[Work order] For this exercise, reproduce only the lines from the one holding "Leinöl-Kapseln Fair &" through the final line of the data below, exactly, and omit pictures.

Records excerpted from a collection

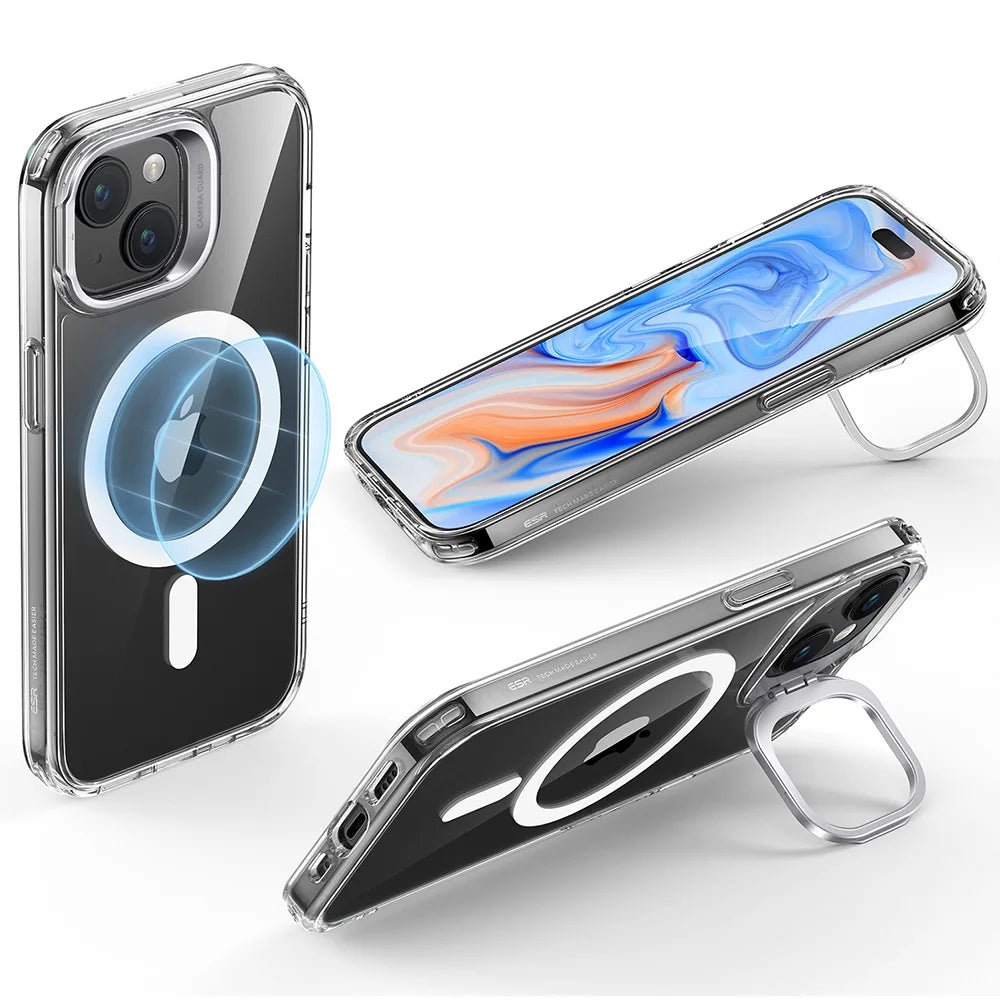 Clear StashStand HaloLock Lens Stand Magnetic Phone Case for iPhone 15 Pro Max with built-in kickstand and strong magnetic charging.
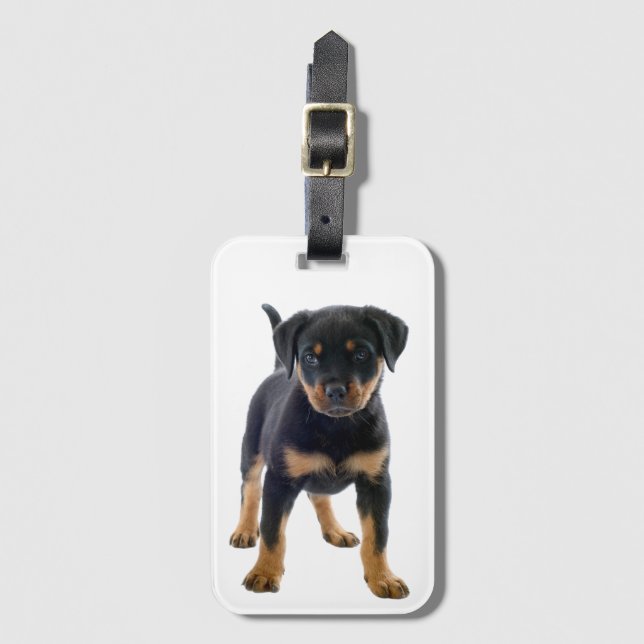 Niedlich Rottie Welpe Dog Mama Rottweiler  Gepäckanhänger (Vorderseite Vertikal)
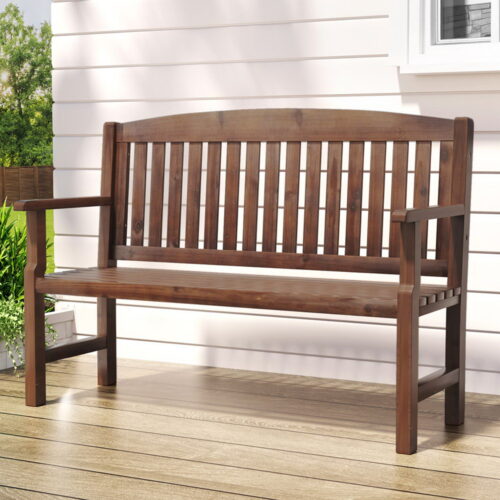 Gardeon Outdoor Garden Bench Wooden 2 Seater Lounge Chair Patio Furniture Brown - Image 8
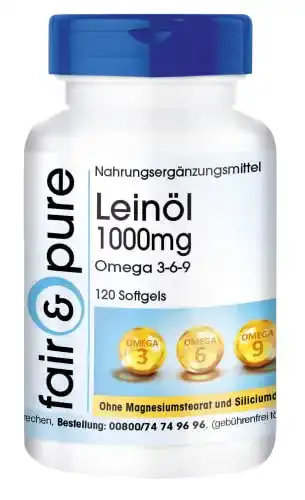 Leinöl-Kapseln Fair & Pure – 1000 mg – 120 Softgels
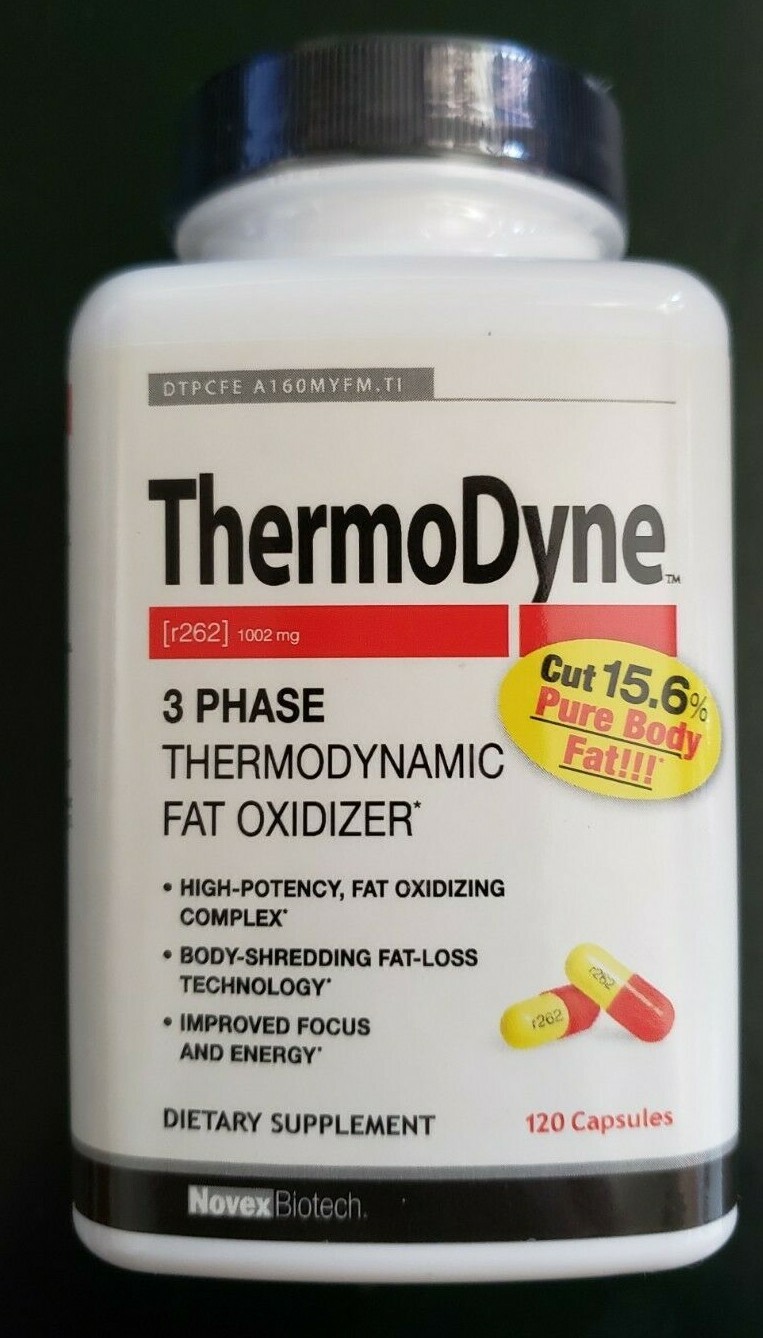 Novex Biotech – Thermodyne – 120 Capsules – 3 Phrase Fat Oxidizer – Exp 4/2025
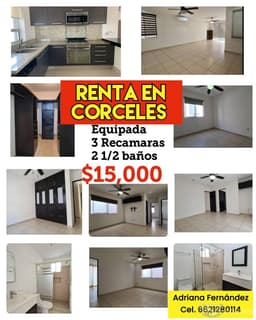 Casa en renta en Corceles residencial. 3 Recamaras.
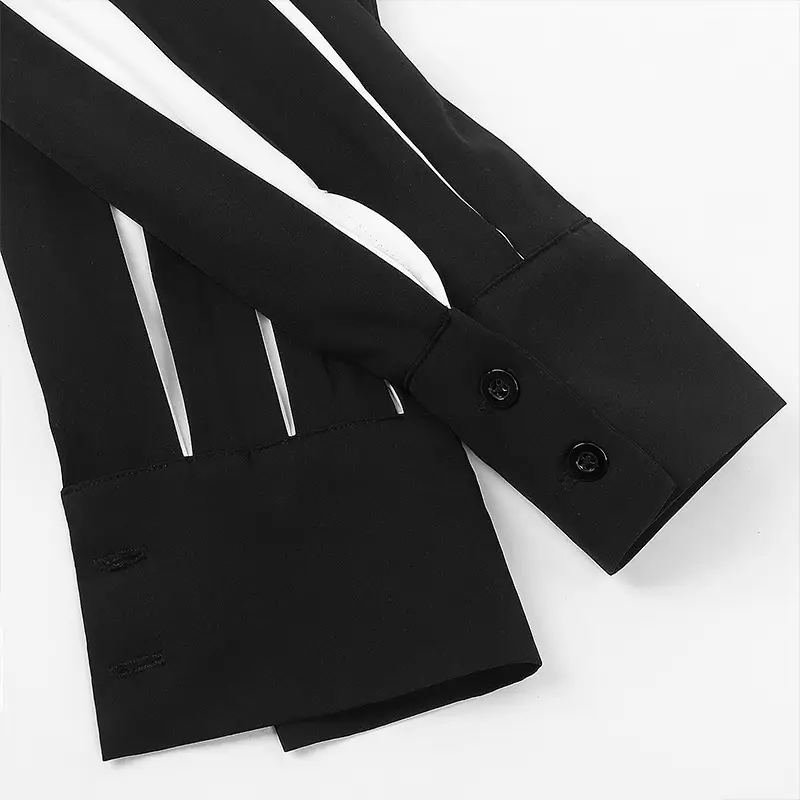 European & American Retro Medieval Drama Costume Color Matching Strap Collar Shirt Cosplay Top — feature 11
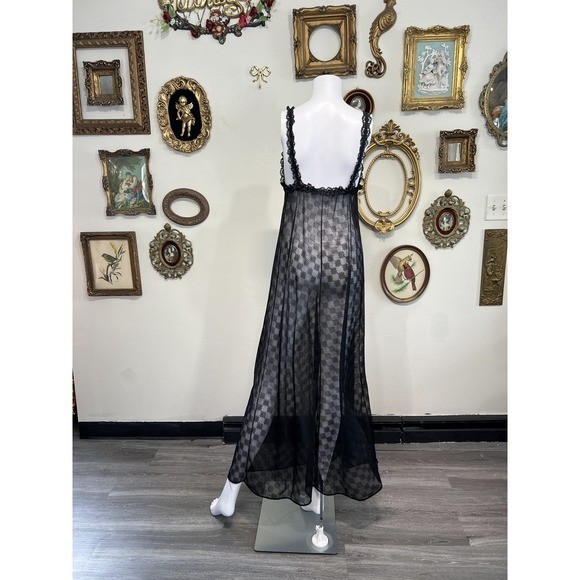 Vintage Glydons Hollywood Black lingerie Mesh Lace Maxi Nightgown Large USA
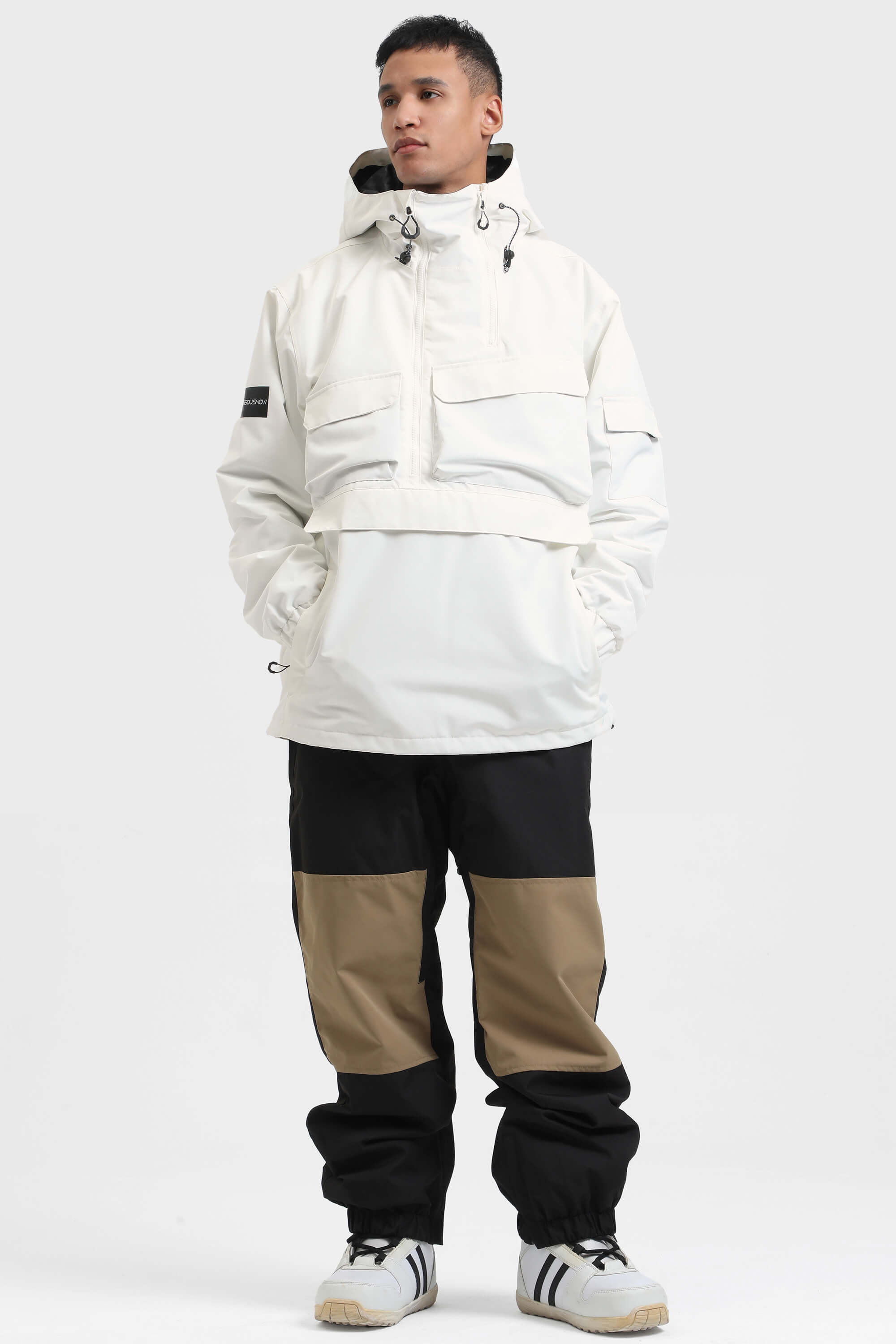Men's Black Asymmetric Kangaroo Pocket Ski Anorak Waterproof Insulated Snow Anoraks
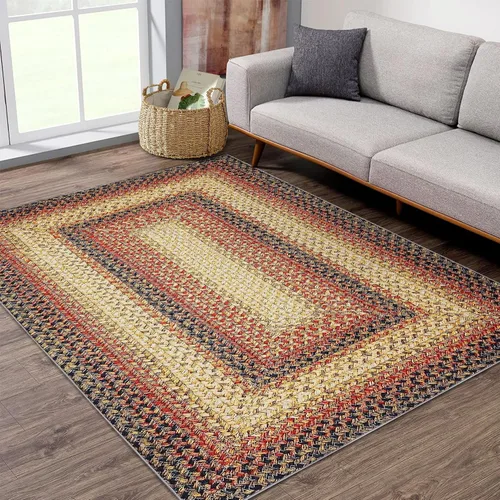 Miniatura 15 de ROYHOME Tapete pequeño para puerta de 2 x 3 pies, alfombra de área lavable, alfombras de área con estampado trenzado bohemio, alfombra de área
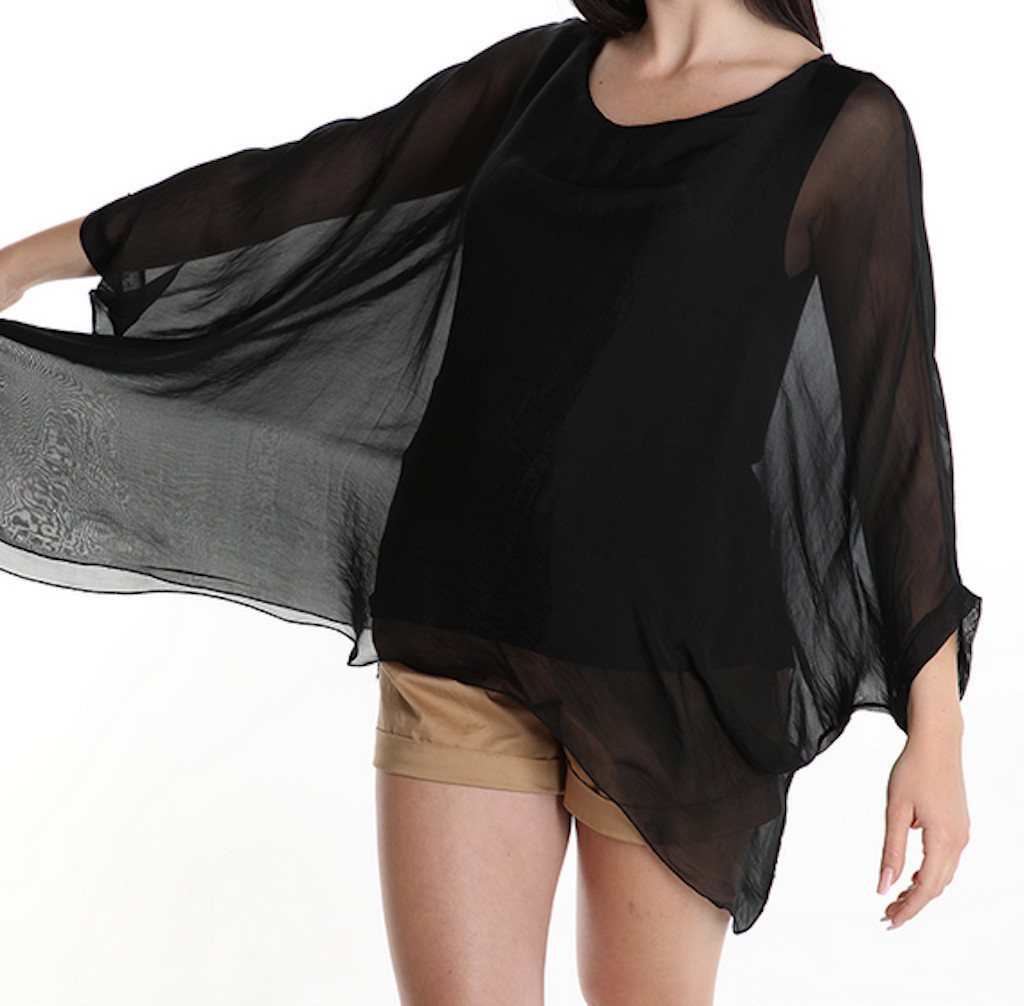 BZNA Seidenbluse Tunika Seidentunika Fledermaus Ärmel von BZNA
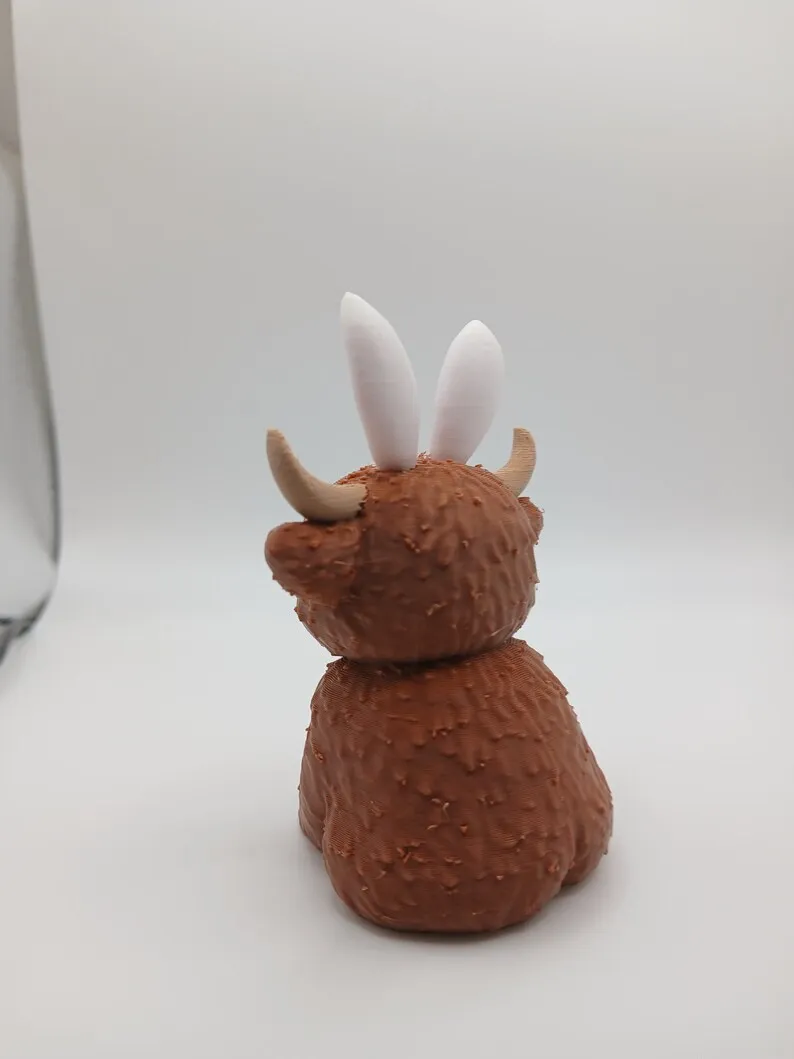 Easter Bunny Highland Cow - Free 3D Print Model - MakerWorld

[Result of the task]
 Leinöl-Kapseln Fair & Pure – 1000 mg – 120 Softgels
 Novex Biotech – Thermodyne – 120 Capsules – 3 Phrase Fat Oxidizer – Exp 4/2025
 Casa en renta en Corceles residencial. 3 Recamaras.
 European & American Retro Medieval Drama Costume Color Matching Strap Collar Shirt Cosplay Top — feature 11
 Vintage Glydons Hollywood Black lingerie Mesh Lace Maxi Nightgown Large USA
Men's Black Asymmetric Kangaroo Pocket Ski Anorak Waterproof Insulated Snow Anoraks
 Miniatura 15 de ROYHOME Tapete pequeño para puerta de 2 x 3 pies, alfombra de área lavable, alfombras de área con estampado trenzado bohemio, alfombra de área
 BZNA Seidenbluse Tunika Seidentunika Fledermaus Ärmel von BZNA
 Easter Bunny Highland Cow - Free 3D Print Model - MakerWorld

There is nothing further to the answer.